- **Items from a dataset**
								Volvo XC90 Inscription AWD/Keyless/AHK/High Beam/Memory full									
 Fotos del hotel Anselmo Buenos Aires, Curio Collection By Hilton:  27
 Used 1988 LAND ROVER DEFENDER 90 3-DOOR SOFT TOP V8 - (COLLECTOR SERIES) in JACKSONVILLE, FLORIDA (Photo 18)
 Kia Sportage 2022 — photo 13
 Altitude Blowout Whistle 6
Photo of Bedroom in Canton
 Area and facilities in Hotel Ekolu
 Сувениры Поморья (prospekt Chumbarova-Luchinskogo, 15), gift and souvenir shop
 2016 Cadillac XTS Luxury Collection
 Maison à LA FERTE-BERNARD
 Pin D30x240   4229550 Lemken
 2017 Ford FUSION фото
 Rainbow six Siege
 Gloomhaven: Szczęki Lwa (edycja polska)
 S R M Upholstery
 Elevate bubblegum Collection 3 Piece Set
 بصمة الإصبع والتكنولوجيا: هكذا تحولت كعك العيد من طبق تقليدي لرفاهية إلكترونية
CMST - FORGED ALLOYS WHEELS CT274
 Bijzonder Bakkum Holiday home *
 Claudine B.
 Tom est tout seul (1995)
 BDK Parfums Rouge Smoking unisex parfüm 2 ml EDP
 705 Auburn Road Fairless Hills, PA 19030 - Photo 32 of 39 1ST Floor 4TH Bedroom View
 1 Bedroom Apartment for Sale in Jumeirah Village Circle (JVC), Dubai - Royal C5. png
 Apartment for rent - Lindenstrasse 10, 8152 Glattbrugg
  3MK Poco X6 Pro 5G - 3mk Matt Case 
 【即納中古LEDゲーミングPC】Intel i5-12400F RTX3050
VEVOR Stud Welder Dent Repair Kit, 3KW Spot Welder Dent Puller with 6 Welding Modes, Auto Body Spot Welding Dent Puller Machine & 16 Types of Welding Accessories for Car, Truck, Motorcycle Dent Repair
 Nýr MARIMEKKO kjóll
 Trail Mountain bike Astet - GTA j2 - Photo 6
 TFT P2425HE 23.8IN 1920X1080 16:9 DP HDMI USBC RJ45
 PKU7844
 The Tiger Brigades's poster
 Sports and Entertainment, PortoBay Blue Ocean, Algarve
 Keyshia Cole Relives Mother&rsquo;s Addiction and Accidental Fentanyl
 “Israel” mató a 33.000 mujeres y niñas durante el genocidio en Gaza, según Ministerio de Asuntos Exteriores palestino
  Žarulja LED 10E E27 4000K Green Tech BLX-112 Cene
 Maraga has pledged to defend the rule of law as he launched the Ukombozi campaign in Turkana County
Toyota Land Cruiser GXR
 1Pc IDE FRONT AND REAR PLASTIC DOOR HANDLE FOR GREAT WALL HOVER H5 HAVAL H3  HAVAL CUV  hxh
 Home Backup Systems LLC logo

- **WORK INSTRUCTION**
Where a line above includes "Collection", copy that line.

- **EXERCISE OUTPUT**
 Fotos del hotel Anselmo Buenos Aires, Curio Collection By Hilton:  27
 2016 Cadillac XTS Luxury Collection
 Elevate bubblegum Collection 3 Piece Set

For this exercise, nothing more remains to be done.